#### [Listed entries]
[Start of section]
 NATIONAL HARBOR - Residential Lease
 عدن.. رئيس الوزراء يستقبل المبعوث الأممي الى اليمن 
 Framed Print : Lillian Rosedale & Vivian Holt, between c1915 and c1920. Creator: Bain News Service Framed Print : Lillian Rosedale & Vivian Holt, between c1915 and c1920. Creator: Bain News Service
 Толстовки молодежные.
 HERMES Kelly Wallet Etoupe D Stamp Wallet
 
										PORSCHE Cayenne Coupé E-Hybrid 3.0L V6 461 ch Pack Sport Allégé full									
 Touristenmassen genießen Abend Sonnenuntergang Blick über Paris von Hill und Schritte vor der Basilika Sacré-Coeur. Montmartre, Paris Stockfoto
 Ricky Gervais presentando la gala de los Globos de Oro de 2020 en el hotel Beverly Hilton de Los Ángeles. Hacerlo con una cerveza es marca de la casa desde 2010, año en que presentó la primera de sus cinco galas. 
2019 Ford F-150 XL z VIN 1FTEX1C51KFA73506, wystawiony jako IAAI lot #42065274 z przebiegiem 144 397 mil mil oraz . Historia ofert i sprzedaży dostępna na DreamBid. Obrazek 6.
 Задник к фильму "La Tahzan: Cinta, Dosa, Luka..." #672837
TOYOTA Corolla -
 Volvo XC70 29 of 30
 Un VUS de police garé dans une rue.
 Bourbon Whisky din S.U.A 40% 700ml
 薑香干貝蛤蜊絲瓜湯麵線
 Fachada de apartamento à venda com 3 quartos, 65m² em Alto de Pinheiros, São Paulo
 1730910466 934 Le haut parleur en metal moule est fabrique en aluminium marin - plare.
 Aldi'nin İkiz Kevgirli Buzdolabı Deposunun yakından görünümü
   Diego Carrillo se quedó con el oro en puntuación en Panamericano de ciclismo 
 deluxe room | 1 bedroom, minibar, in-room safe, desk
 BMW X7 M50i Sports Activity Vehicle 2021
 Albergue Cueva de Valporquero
[End of section]
#### [What this task involves]
Include the first line, the line containing "Ricky Gervais presentando", and every line between them, copied exactly from the material above; output no other line.

#### [Exercise result]
 NATIONAL HARBOR - Residential Lease
 عدن.. رئيس الوزراء يستقبل المبعوث الأممي الى اليمن 
 Framed Print : Lillian Rosedale & Vivian Holt, between c1915 and c1920. Creator: Bain News Service Framed Print : Lillian Rosedale & Vivian Holt, between c1915 and c1920. Creator: Bain News Service
 Толстовки молодежные.
 HERMES Kelly Wallet Etoupe D Stamp Wallet
 
										PORSCHE Cayenne Coupé E-Hybrid 3.0L V6 461 ch Pack Sport Allégé full									
 Touristenmassen genießen Abend Sonnenuntergang Blick über Paris von Hill und Schritte vor der Basilika Sacré-Coeur. Montmartre, Paris Stockfoto
 Ricky Gervais presentando la gala de los Globos de Oro de 2020 en el hotel Beverly Hilton de Los Ángeles. Hacerlo con una cerveza es marca de la casa desde 2010, año en que presentó la primera de sus cinco galas. 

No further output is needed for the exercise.